*What the exercise asks:* Among the records below, find the line with "Main image of" and the line with "Easter egg icon". Set down both and every line between, exactly and with no pictures, but nothing else.

*Supplied records:*

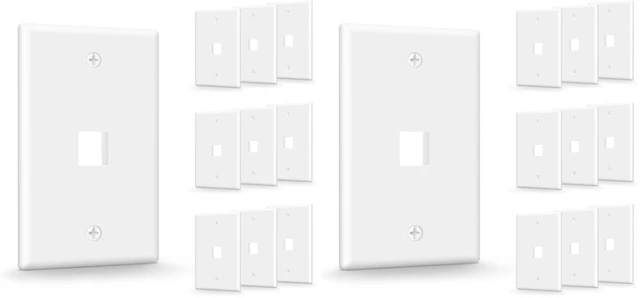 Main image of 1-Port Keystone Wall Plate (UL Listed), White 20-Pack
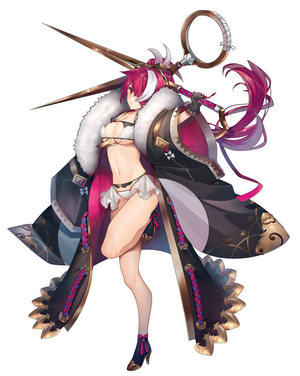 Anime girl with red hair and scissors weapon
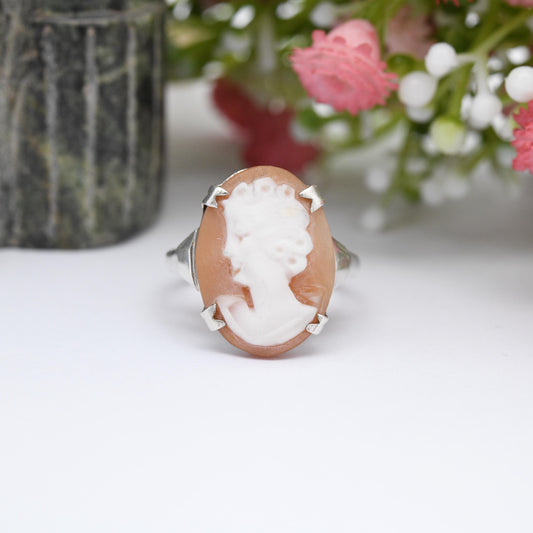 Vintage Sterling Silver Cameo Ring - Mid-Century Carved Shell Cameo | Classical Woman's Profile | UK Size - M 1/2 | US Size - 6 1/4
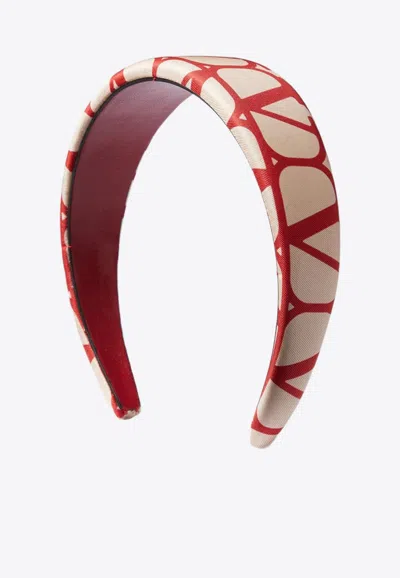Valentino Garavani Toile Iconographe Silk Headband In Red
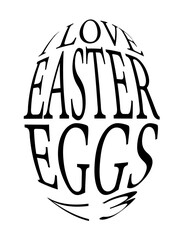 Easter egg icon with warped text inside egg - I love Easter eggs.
...
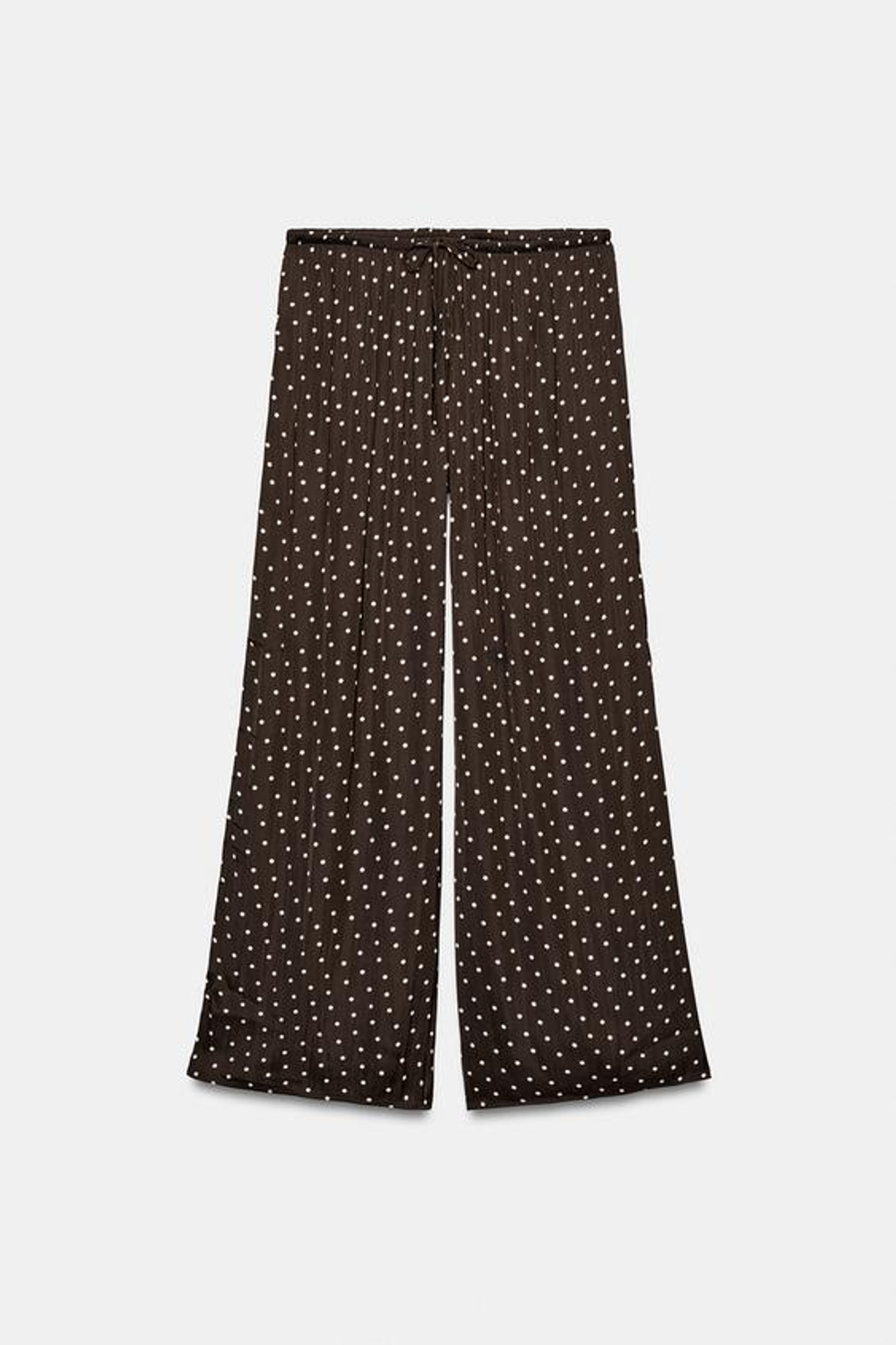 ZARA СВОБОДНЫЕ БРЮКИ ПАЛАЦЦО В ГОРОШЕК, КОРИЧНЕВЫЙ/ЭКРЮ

*Result of the exercise:*
 Main image of 1-Port Keystone Wall Plate (UL Listed), White 20-Pack
 Anime girl with red hair and scissors weapon
 Vintage Sterling Silver Cameo Ring - Mid-Century Carved Shell Cameo | Classical Woman's Profile | UK Size - M 1/2 | US Size - 6 1/4
Valentino Garavani Toile Iconographe Silk Headband In Red
 Easter egg icon with warped text inside egg - I love Easter eggs.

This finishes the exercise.